The potential taxon model is just a synthesis, trying to provide
access to names, concepts, misapplications, multiple classifications,
and multiple hierarchies at the same time. And you are right that the
example wasn't well taken because I didn't include any identical
names; of course you can have identical names. If I had expanded the
discussion a little more I could have shown that the model supports
misapplications in the name itself, because there were quite a few
author citations in the example I gave. [Frank Bibsy off mic: "But
again those are in annotations in the author strings."] You're
absolutely right, taxonomists have been doing this for a long, long
time, so we would hope that completely annotated records would
contain this information. The potential taxon concept just provides
an effective way to store information that was previously
unstructured.
Stan Blum:
The point that I would like to add this is that one of the
critical implications of this is that people who are doing
identifications need a mechanism to link specimens and observations to
not just the name, but to the concept.

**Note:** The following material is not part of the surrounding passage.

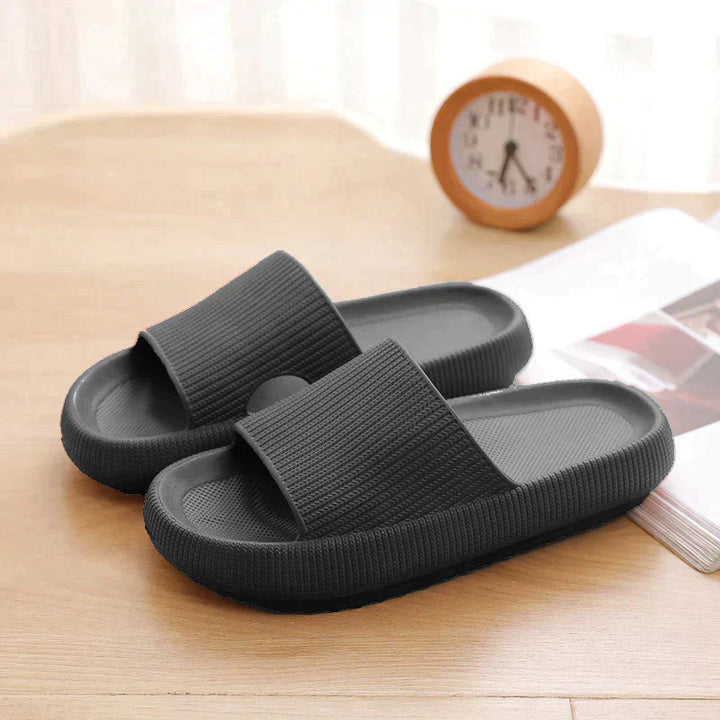 Drune | Unisex Badeschuhe - Bequeme wolkenweiche Hausschuhe für Zuhause und Strand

That's not something
we're doing in natural history museums or probably anywhere else in
the field.
Stuart Nelson:
I wonder if you would talk a little bit about the definitional
attributes, about how it is that you're going to represent the
differences in these... I think the technical word for these things
that are almost the same are plesionyms. I wonder how you're going to
represent that difference, so you can represent things in multiple
hierarchies.
Walter Berendsohn:
Well, we could go on quite a while about the model; it is
published. I think you might be referring to two things now; the
relationship between names that refer to the same thing, and multiple
hierarchies, which taxonomists might think of as competing or
alternative classifications. I didn't even mention hierarchies here
because that would have extended my talk quite a bit, but if you are
talking about specifying the nature of the relationship between names
or potential taxa, the attributes you need are specified in the
model.
Stuart Nelson [off mic]:
I think you would want to represent on what basis the
differentiation is made. Can you specify the definitional attributes
of one taxon versus another?
Walter Berendsohn:
These defining characteristics are, in fact, what the taxonomist
includes in his or her taxonomic description or revision.
Unfortunately, we haven't yet arrived at a universally accepted way
to structure that data and to capture it in databases. For now, we
have to be pragmatic. We need to keep the scope of work practical, so
we can't record every slight difference in taxonomic treatments; no
two treatments of a taxon will be equal. So we have to have a cutoff
point, and that's the decision of the taxonomist who is trying to
record and represent the consensus view we are talking about. In
other cases it may not be possible to arrive at a single consensus
view and multiple classifications will need to be represented. The
model can accommodate several parallel accepted taxonomies without
any problem.
Nancy Morin:
Walter, I think in most or a lot of efforts where they're
computerizing collections information, it's only the most recent
identification that's being included and what you're saying suggests
that there is value in capturing the annotation history on a
specimen. Because that's how you're going to be able to link from one
concept to another.. that this specimen was annotated as species "X"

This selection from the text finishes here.